*** Materials provided

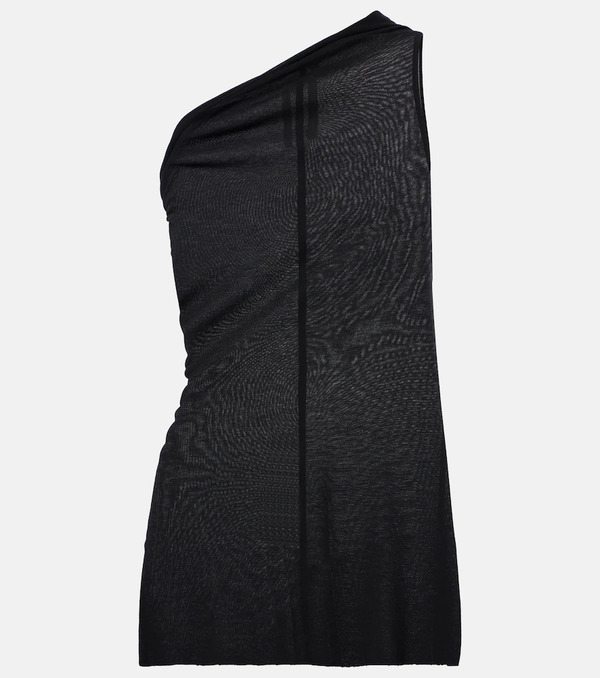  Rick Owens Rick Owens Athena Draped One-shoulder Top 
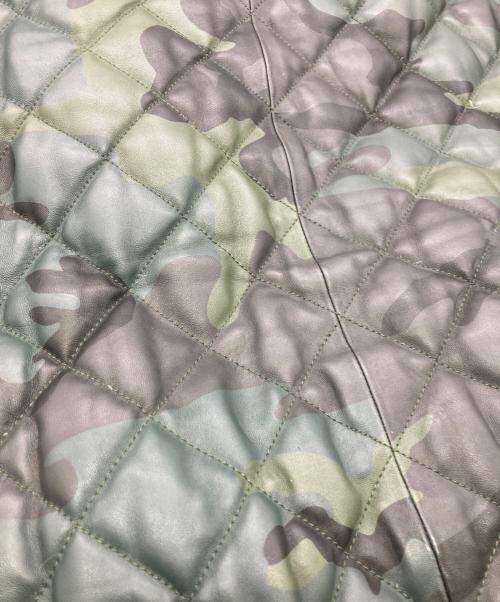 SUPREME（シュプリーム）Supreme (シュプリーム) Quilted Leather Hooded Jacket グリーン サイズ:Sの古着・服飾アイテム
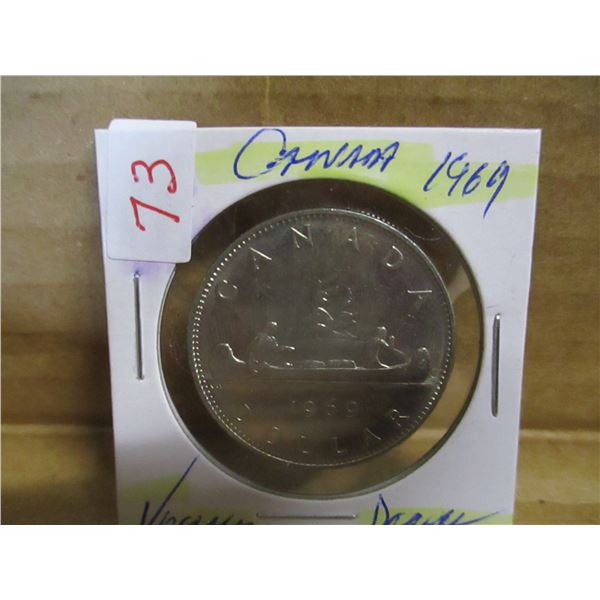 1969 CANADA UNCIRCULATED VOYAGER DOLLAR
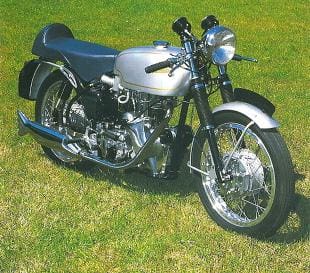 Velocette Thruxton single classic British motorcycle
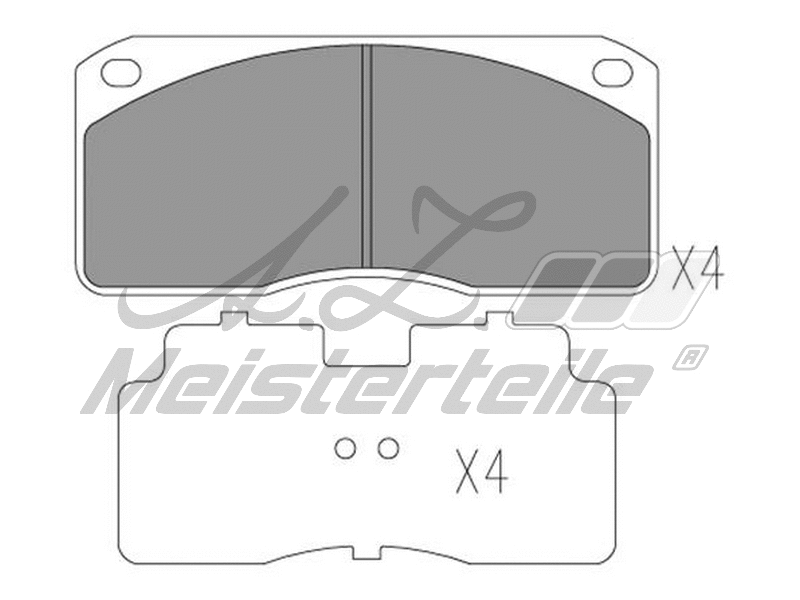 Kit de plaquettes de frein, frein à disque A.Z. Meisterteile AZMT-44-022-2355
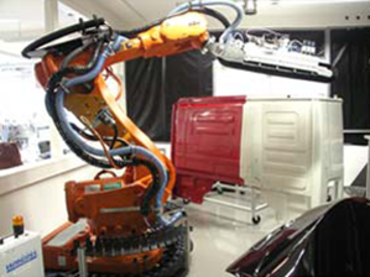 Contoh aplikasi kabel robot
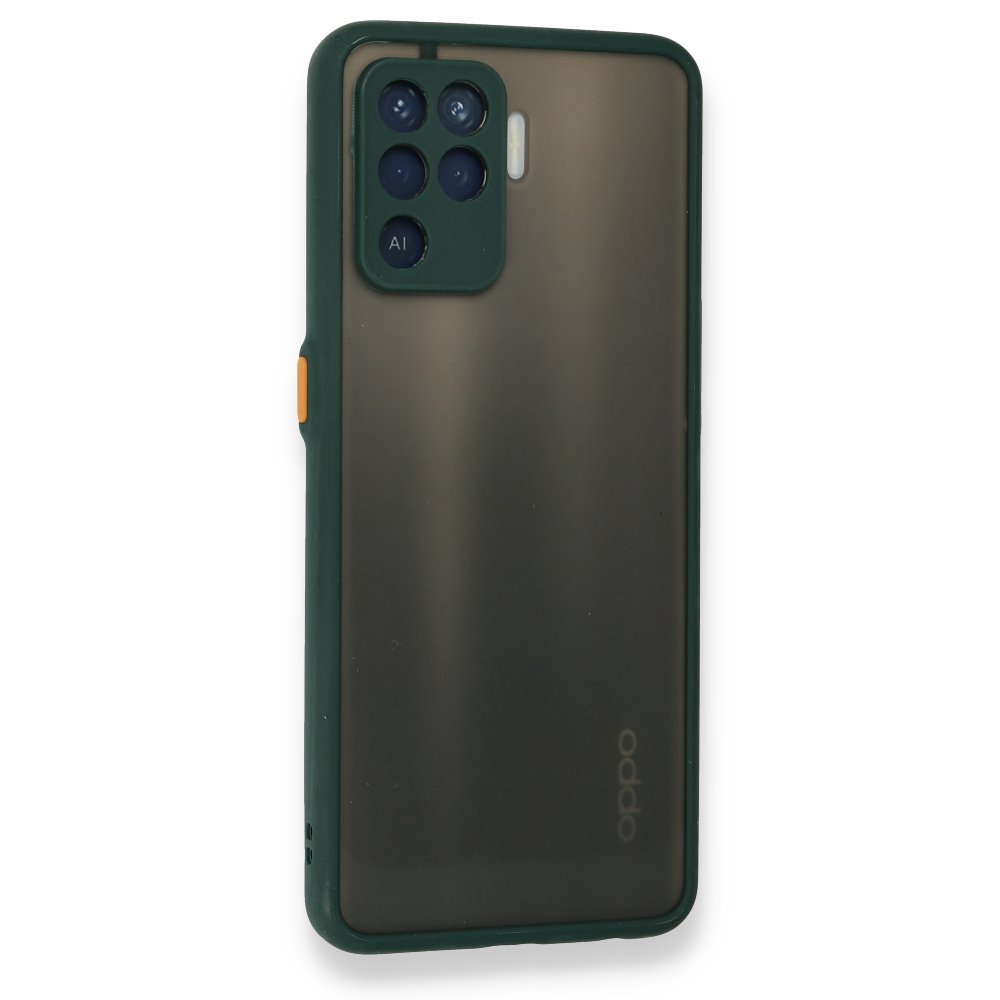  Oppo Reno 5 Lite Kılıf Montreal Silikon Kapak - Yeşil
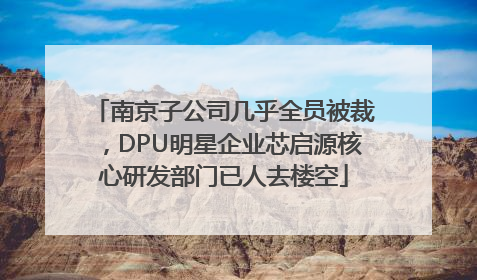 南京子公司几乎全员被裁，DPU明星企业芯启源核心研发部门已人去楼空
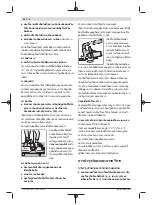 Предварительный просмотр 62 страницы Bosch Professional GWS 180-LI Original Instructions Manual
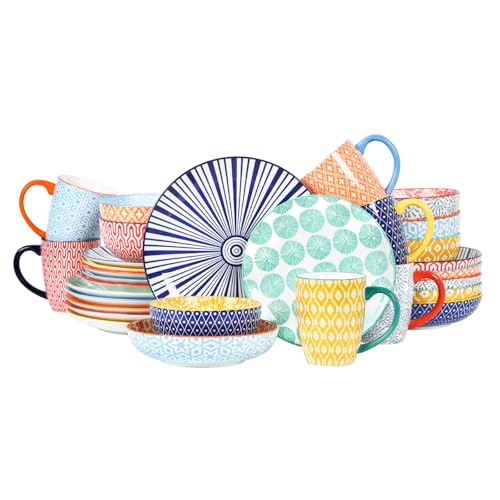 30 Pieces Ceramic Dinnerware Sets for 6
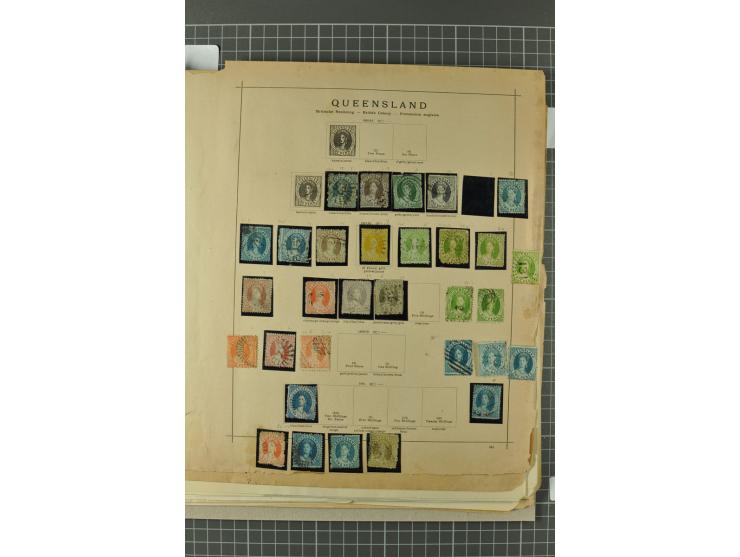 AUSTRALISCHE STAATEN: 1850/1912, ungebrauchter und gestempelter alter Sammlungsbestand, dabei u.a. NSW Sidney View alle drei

******

The records are to be duplicated in full and exactly, with images left out.

### Solution:
  Rick Owens Rick Owens Athena Draped One-shoulder Top 
 SUPREME（シュプリーム）Supreme (シュプリーム) Quilted Leather Hooded Jacket グリーン サイズ:Sの古着・服飾アイテム
 1969 CANADA UNCIRCULATED VOYAGER DOLLAR
 Velocette Thruxton single classic British motorcycle
 Kit de plaquettes de frein, frein à disque A.Z. Meisterteile AZMT-44-022-2355
 Contoh aplikasi kabel robot
  Oppo Reno 5 Lite Kılıf Montreal Silikon Kapak - Yeşil
 南京子公司几乎全员被裁，DPU明星企业芯启源核心研发部门已人去楼空
 Предварительный просмотр 62 страницы Bosch Professional GWS 180-LI Original Instructions Manual
 30 Pieces Ceramic Dinnerware Sets for 6
 AUSTRALISCHE STAATEN: 1850/1912, ungebrauchter und gestempelter alter Sammlungsbestand, dabei u.a. NSW Sidney View alle drei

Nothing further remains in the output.